Cet endroit, c’est la réserve de biosphère du papillon monarque, au centre du Mexique, qui fait 563 km² dans les États de Michoacán et de Mexico. Ici, les oyamels créent un microclimat qui protège les monarques (monarcas, en espagnol), la canopée agissant telle une couverture qui empêche les trop importantes fluctuations de température. Une bonne partie de la réserve, aire protégée depuis 1986 et inscrite au patrimoine mondial de l’Unesco en 2008, est fermée au public par souci de conservation. Mais six sanctuaires, trois par État, donnent aux amateurs de monarques une vitrine où admirer ce merveilleux périple.

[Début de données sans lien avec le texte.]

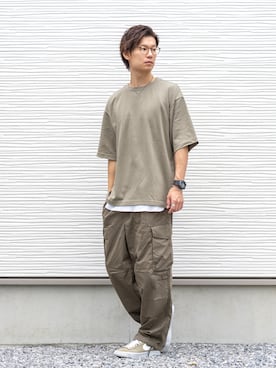 「jiggys shop（ジギーズショップ）のアイテム」を使った、Ryu--taさん（メンズ・183cm）の夏コーディネート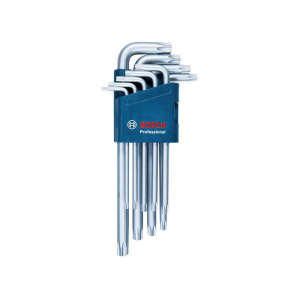 Bosch Innensechskant, Torx Schlüssel Set, 9-tlg. #1600A01TH4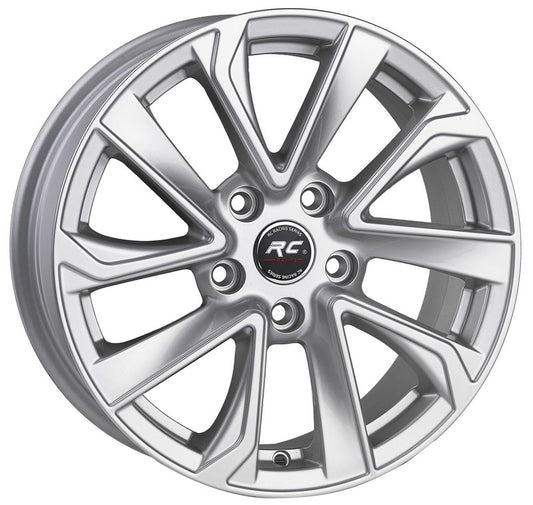 R1 Wheels 15 inç 5*114.3 ET35 Metalik Gri Jant Takımı (J-1027) - KolayOto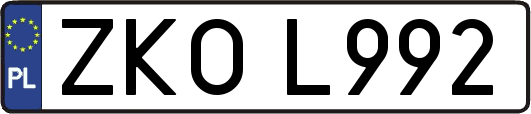 ZKOL992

Le jour est levé depuis une heure et je m’éloigne en camionnette de Valle de Bravo, ville de tourisme sur les rives du lac Avándaro, à deux heures à l’ouest de Mexico. Les touristes, tant du pays que de l’étranger, affluent ici pour le parapente, les randonnées pour voir les chutes, l’architecture coloniale et l’importante partie de la population orientale de monarques nord–américains qui hivernent dans le sanctuaire Piedra Herrada, à 45 minutes à l’est. Nous cheminons dans la verdoyante forêt, au–delà de maisons nichées dans les vertes montagnes qui dominent le lac. Des plantes grimpantes à fleurs mauves et orange tombent en cascade des portails en fer ouvré. Dans la poussière de la route et le soleil matinal, tout semble briller, et les feuilles de certains arbres ont l’air d’ailes de papillon sous le bon éclairage.